ECLI:NL:CRVB:2019:1763
Centrale Raad van Beroep
- Hoger beroep
- Rechtspraak.nl
Hoger beroep inzake WIA-uitkering en medische beoordeling van arbeidsongeschiktheid
In deze zaak heeft de Centrale Raad van Beroep op 29 mei 2019 uitspraak gedaan in hoger beroep tegen een beslissing van de rechtbank Amsterdam. De zaak betreft de weigering van een WIA-uitkering aan betrokkene, die zich op 3 februari 2014 ziek meldde. Het Uwv had op basis van een medisch onderzoek vastgesteld dat betrokkene minder dan 35% arbeidsongeschikt was, wat leidde tot de weigering van de uitkering. Betrokkene had bezwaar gemaakt tegen deze beslissing, maar het bezwaar werd ongegrond verklaard. De rechtbank oordeelde dat de medische grondslag van het bestreden besluit onvoldoende was onderbouwd, met name met betrekking tot de klacht van betrokkene over regelmatig flauwvallen.

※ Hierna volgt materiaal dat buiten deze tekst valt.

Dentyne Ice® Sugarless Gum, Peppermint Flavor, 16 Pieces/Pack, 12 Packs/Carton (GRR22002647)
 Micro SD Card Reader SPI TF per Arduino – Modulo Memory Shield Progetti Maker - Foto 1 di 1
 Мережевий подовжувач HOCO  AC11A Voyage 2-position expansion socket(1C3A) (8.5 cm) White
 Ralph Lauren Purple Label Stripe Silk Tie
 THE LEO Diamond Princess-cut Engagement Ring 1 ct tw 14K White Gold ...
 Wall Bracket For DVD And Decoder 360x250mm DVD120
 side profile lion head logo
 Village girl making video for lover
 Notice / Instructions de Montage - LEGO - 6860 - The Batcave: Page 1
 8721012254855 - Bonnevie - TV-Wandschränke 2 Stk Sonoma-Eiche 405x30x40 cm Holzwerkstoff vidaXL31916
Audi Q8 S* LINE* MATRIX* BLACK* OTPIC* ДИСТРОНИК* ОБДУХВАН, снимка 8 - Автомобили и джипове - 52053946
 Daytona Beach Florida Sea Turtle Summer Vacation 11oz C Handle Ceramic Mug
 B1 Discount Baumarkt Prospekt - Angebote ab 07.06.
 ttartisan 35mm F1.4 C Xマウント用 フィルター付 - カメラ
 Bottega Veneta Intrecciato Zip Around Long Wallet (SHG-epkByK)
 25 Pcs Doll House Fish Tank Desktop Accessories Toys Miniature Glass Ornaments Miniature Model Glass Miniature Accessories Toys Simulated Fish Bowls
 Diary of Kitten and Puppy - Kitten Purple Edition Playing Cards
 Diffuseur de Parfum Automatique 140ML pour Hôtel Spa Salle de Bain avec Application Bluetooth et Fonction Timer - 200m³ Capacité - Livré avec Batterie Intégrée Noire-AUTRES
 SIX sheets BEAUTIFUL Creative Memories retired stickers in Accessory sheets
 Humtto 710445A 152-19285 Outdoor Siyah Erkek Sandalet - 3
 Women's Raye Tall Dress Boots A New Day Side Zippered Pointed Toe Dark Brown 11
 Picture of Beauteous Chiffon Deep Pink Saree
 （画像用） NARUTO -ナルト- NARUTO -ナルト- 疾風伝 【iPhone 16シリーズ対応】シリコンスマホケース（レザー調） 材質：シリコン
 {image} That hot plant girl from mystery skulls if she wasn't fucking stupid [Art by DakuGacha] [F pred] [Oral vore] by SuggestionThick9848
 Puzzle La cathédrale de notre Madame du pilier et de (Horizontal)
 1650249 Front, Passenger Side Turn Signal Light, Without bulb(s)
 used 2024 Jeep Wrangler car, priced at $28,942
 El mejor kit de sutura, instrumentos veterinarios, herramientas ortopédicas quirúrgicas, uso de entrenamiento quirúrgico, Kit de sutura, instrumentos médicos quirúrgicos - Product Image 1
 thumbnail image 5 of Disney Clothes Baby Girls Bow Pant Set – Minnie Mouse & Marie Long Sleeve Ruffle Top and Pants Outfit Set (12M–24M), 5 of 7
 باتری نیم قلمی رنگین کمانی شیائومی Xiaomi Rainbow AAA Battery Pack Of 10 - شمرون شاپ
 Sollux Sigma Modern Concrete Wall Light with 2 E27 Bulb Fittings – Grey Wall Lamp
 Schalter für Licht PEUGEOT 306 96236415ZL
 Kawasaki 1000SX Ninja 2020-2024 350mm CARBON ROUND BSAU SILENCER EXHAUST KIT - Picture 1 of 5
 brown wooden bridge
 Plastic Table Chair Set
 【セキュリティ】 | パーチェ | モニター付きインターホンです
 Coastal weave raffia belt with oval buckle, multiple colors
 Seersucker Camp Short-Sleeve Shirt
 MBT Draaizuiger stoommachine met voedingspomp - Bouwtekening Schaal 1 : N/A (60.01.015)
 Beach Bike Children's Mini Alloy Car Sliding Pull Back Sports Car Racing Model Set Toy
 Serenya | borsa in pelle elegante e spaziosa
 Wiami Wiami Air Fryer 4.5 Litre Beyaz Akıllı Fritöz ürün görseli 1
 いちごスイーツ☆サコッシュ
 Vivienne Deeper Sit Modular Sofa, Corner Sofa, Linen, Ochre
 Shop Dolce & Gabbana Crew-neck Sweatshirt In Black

In hoger beroep heeft de Centrale Raad van Beroep het oordeel van de rechtbank herzien. De Raad oordeelde dat de medische beoordeling door het Uwv zorgvuldig was uitgevoerd en dat er geen aanleiding was voor verdergaande beperkingen voor betrokkene. De Raad volgde het standpunt van het Uwv dat de enkele vermelding van flauwvallen door de psycholoog niet voldoende was om de eerder vastgestelde beperkingen te herzien. Het incidenteel hoger beroep van betrokkene, waarin zij betoogde dat de geselecteerde functies niet passend waren, werd eveneens verworpen. De Raad concludeerde dat de aangevallen uitspraak van de rechtbank moest worden vernietigd en verklaarde het beroep ongegrond.